Последнее обстоятельство наполнило Рестона черной завистью: в который раз он
уже приезжает сюда, русская тема и сделала, собственно говоря, ему имя, а до
сих пор не может связать десяти слов в отчетливую фразу. Тэлавер, побрякивая
кубиками льда в стакане, приблизился к обществу и сел в глубокое кресло, выпятились
вверх донкихотовские колени.
– Сталин пропал, – сказал он. – После той речи
третьего июля, после того, хм, библейского обращения к народу – «братья и
сестры», видите ли, с того дня о нем ничего не слышно, никто не видел его во
внешнем мире. Это ужасно.
– Что же в этом ужасного, Кевин, позволь тебя
спросить? – усмехнулся Рестон. – Народ не видит своего дракона,
некому приносить жертвы?
– Речь сейчас идет о другом, – возразил Тэлавер. –
Так или иначе, дракон оказался лидером этой великой страны, всей русской
цивилизации. Для миллионов людей он был символом могущества страны, и вот
сейчас, когда страна разваливается, символ исчез. У меня такое ощущение, что он
просто празднует труса, боится за свою шкуру. Это трагедия!
– А по мне, так эти «наци» и «больши» – одного поля ягоды. Я
их ничуть не жалею, этих «больши», – заскрипел Рестон. – Конечно,
народ страдает, но, если в результате развалятся обе преступные шайки, я не
заплачу.
– Прости меня, Рест (так они в Гарварде называли его, чтобы
не возиться с неудобным Тоунсендом, из которого при сокращении возникал то
«город», то «песок»), прости меня, но разница между «наци» и «больши» все-таки
есть. Увы, они не могут развалиться одновременно, а «наци» сейчас стоят под
Москвой, а не наоборот; в этом и есть разница.
В других креслах в это время дипломаты говорили о
катастрофическом положении на фронте. Джеффри Пэнн пересказывал содержание
последних сводок, полученных послом. Группа армий «Центр» под командованием
генерал-фельдмаршала фон Бока сконцентрировалась для окончательного штурма
Москвы. В ее составе почти два миллиона войск, две тысячи танков, огромное
количество артиллерии. Ей противостоят разрозненные и деморализованные
паническим отступлением армии русских, в которых нет и половины их штатного
состава. Линия фронта фактически отсутствует, многие дивизии попали в «котлы».

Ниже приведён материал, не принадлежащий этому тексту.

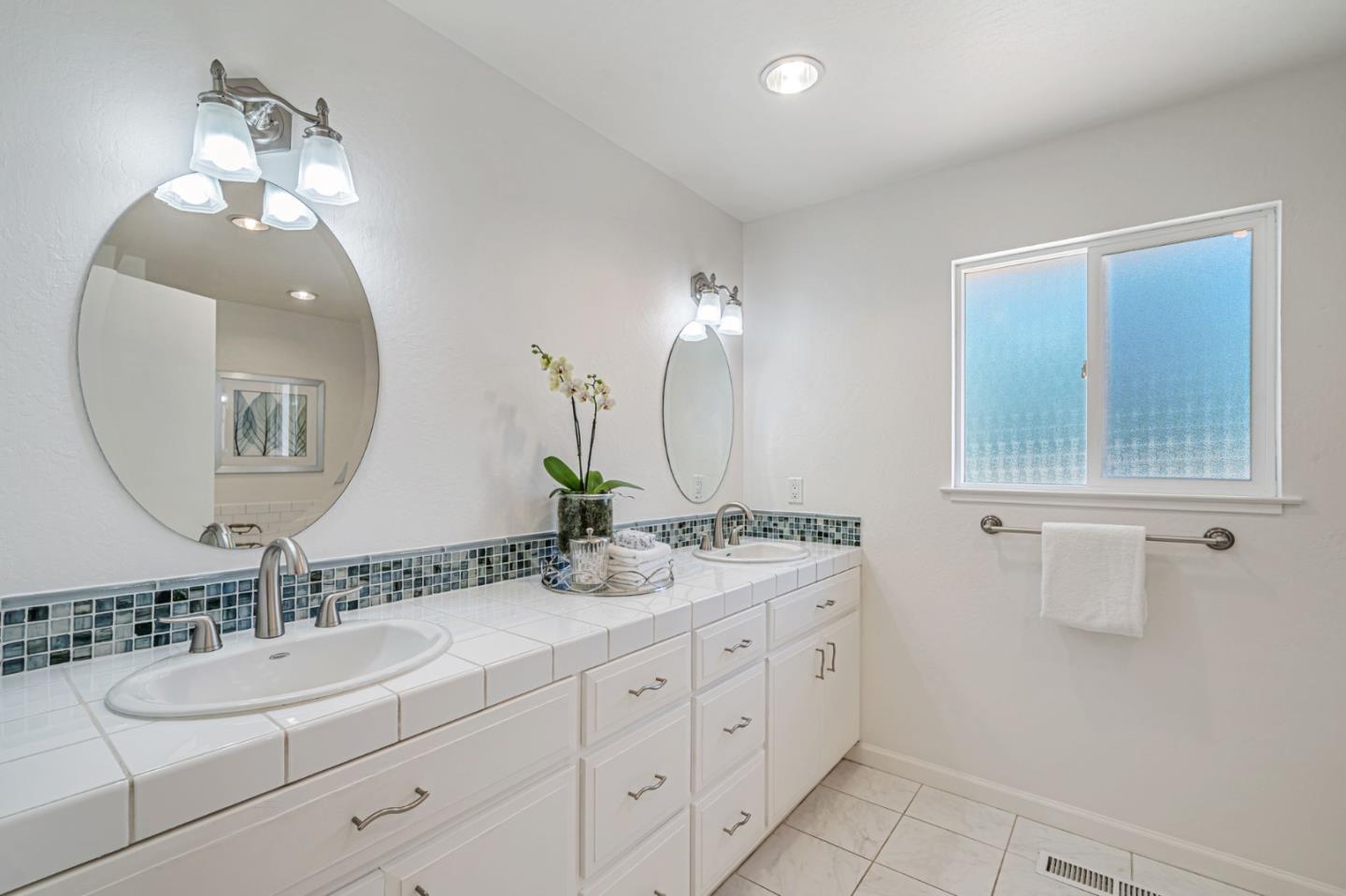 Detail Gallery Image 29 of 43 For 1536 Saint Helena Dr, Danville,  CA 94526 - 4 Beds | 3 Baths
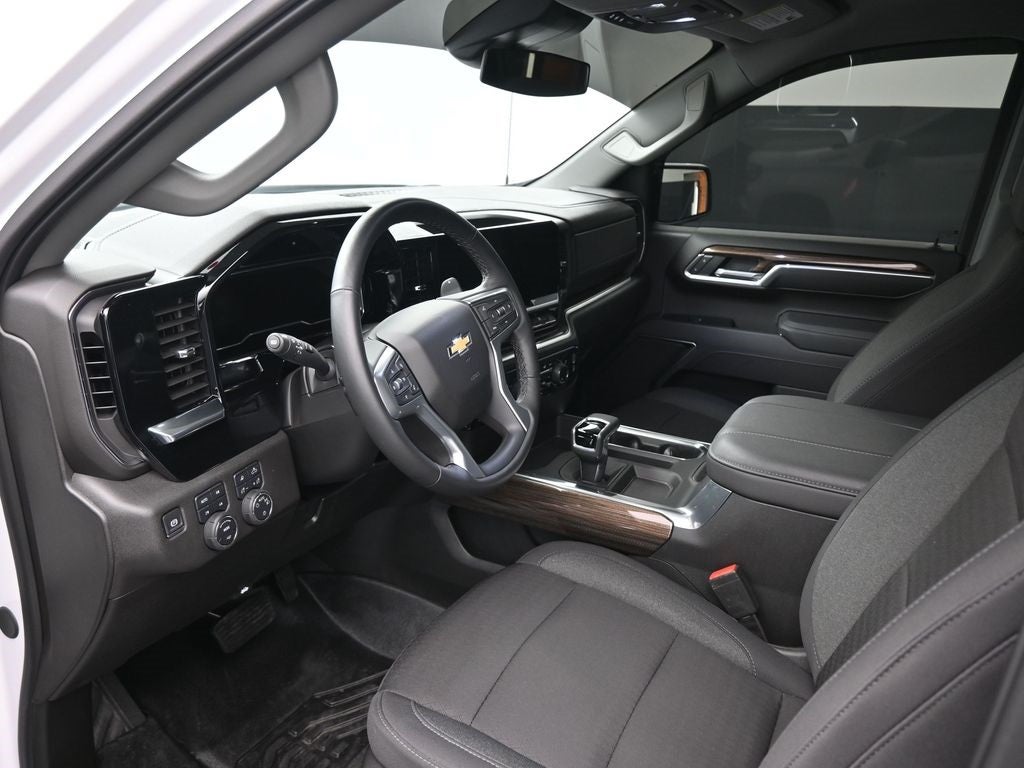 2025 Chevrolet Silverado 1500 LT LT1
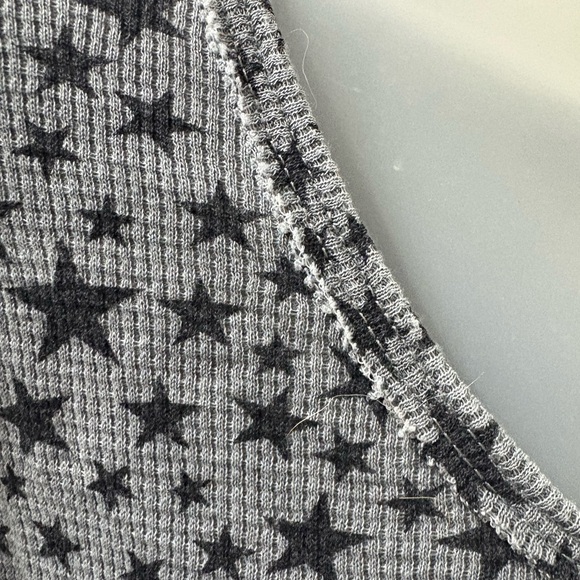 Lucky Brand Gray Star Print Thermal Knit Top Size S - Picture 5 of 8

Немцы не знают, что делать с огромным числом пленных. Ходят слухи о капитуляции
целых соединений в полном составе во главе с генералами. В воздухе полное
превосходство люфтваффе. Танки красных не выдерживают ни малейшего
соприкосновения с немецкими бронированными кулаками. Немцы жгут их сотнями.
Поражает оперативная беспомощность советских полководцев. Словом, полный
развал. Как бы нам не пришлось, джентльмены, наблюдать парад вермахта прямо под
нашими окнами.
Рестон ничего не ответил Тэлаверу. Краем уха он слушал
сообщения Пэнна, и ему хотелось подключиться к той, другой группе, где в этот
момент проходила главная информация. Кевин же, очевидно, был настроен на
рассуждения общего порядка.
– В общем, Рест, должен тебе сказать, что я вовсе не буду в
восторге, если над Кремлем вместо полностью красного флага поднимется тоже
красный, но с белым кругом и черным пауком в середине, – продолжал
Тэлавер. – Помимо всего прочего, я, ты знаешь, никогда не делал секрета из
своей любви к России, к ее литературе и истории, и мне вовсе не хочется, чтобы
этот народ превратился в стадо «унтерменшей» согласно нацистской доктрине.
– Кевин! – громко обратился тут Джеффри Пэнн. –
Это правда, что Сталин за несколько лет до войны уничтожил массу своих
генералов?
– Истинная правда, – ответил Тэлавер, но тут поднялся
Рестон, обрадованный тем, что беседа вернулась в общее русло.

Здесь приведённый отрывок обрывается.